++++ Given data
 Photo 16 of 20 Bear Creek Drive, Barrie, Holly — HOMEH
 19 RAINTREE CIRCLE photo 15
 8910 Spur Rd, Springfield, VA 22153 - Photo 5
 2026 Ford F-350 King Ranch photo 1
++++++++
++++ Given data
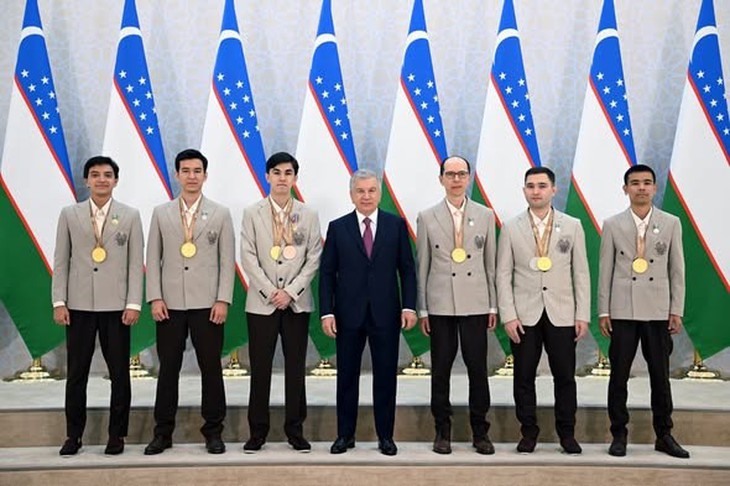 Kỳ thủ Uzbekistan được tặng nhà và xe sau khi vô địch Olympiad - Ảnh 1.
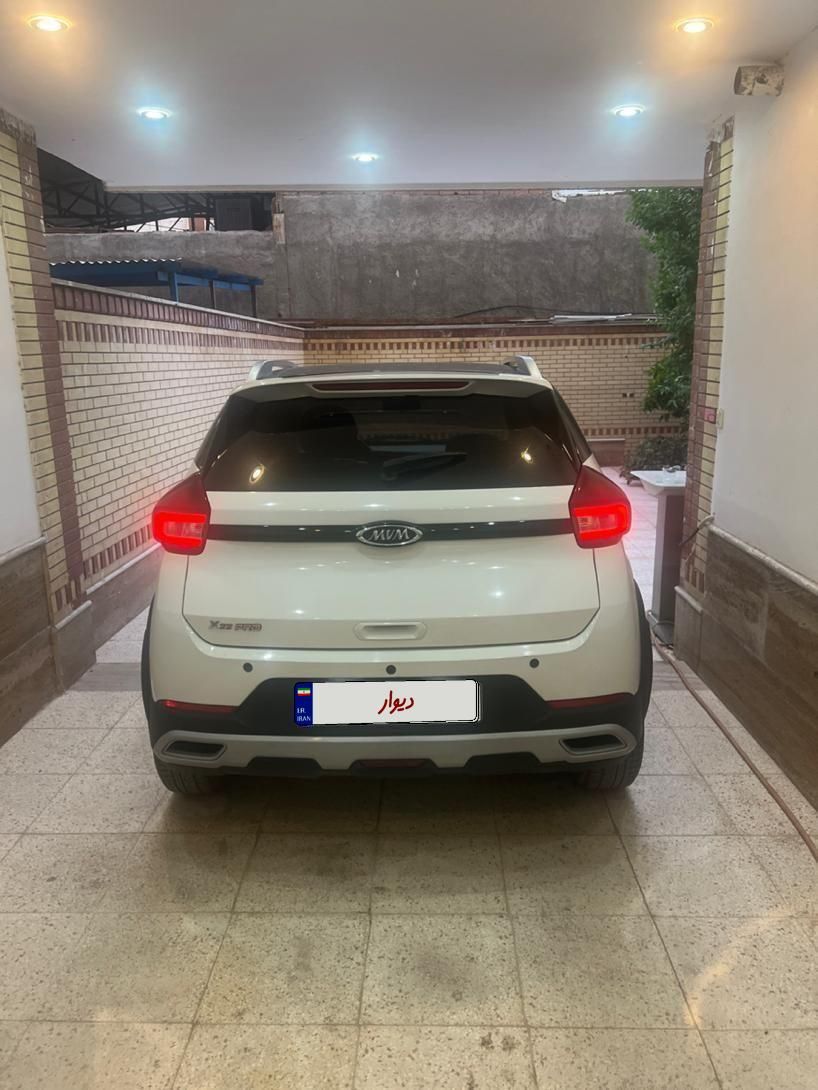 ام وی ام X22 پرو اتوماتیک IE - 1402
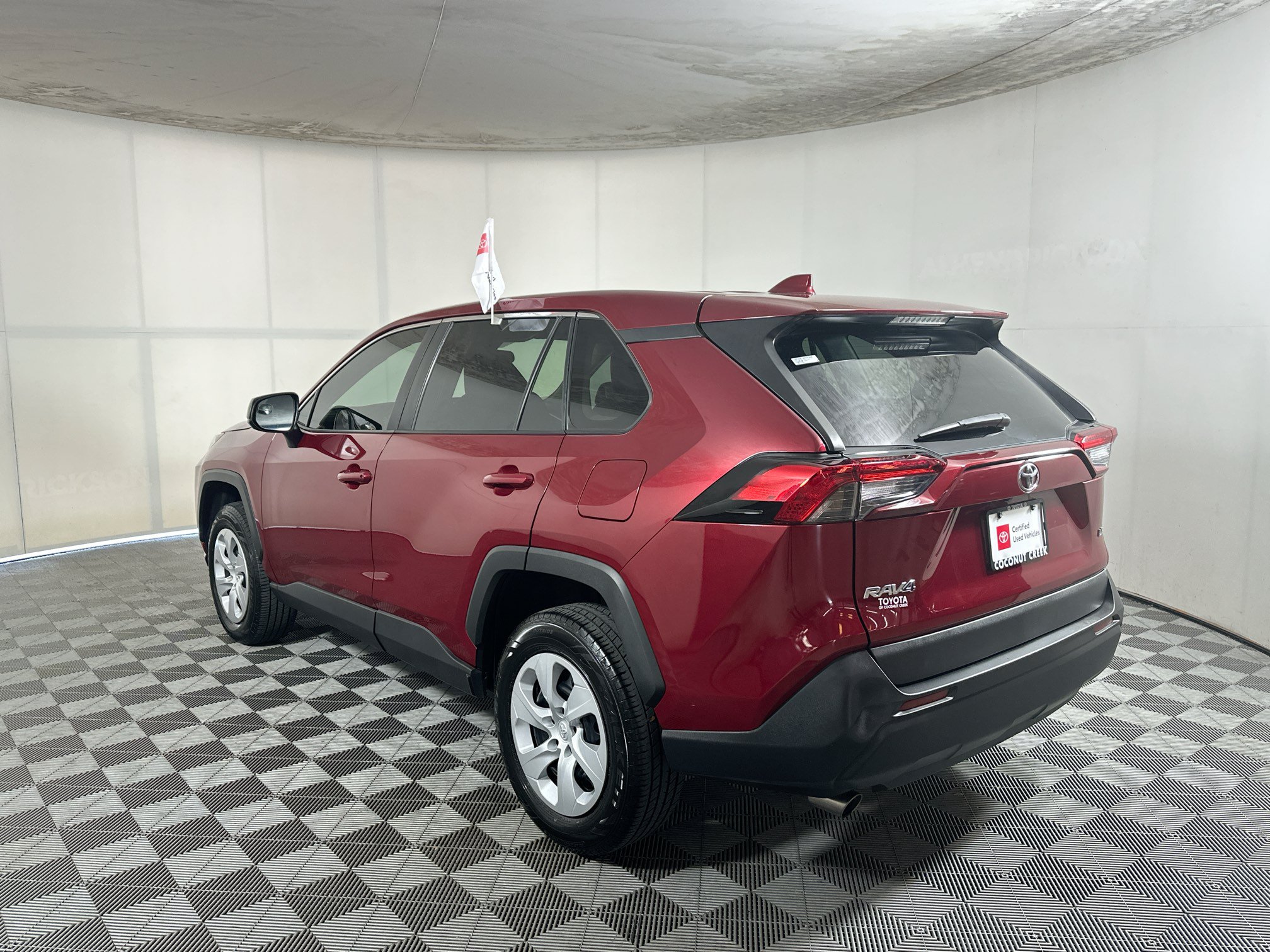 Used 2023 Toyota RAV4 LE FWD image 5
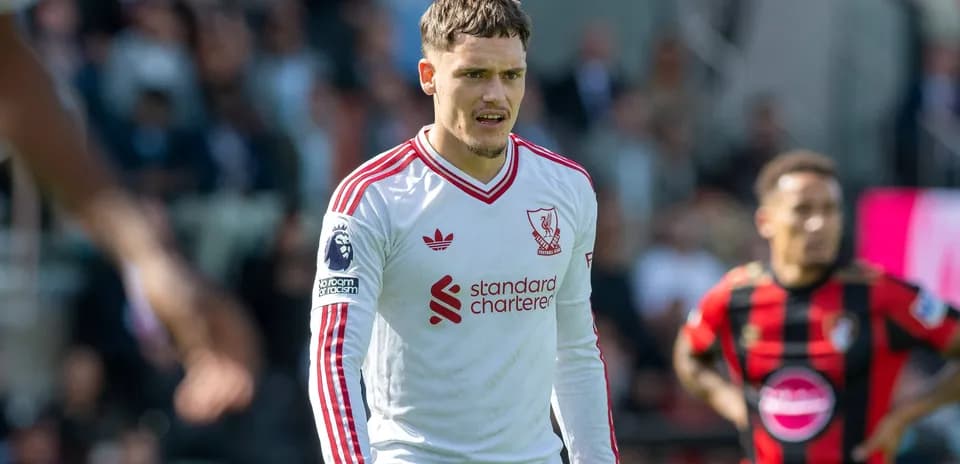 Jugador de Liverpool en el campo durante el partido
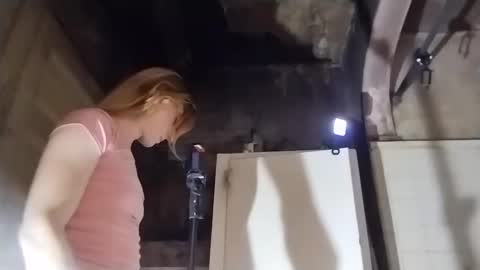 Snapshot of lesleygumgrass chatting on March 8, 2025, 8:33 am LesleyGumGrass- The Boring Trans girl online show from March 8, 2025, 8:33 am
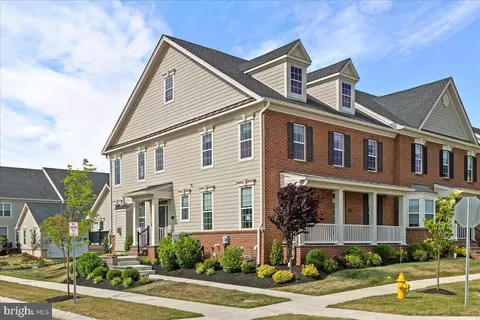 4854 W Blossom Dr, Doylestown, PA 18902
++++++++
Among the entries above, find the line with "ام وی ام X22 پرو اتوماتیک IE - 1402" and repeat exactly from there through the line with "4854 W Blossom Dr, Doylestown, PA 18902", leaving out the pictures.

■ Result of this exercise ■
 ام وی ام X22 پرو اتوماتیک IE - 1402
 Used 2023 Toyota RAV4 LE FWD image 5
 Jugador de Liverpool en el campo durante el partido
 Snapshot of lesleygumgrass chatting on March 8, 2025, 8:33 am LesleyGumGrass- The Boring Trans girl online show from March 8, 2025, 8:33 am
 4854 W Blossom Dr, Doylestown, PA 18902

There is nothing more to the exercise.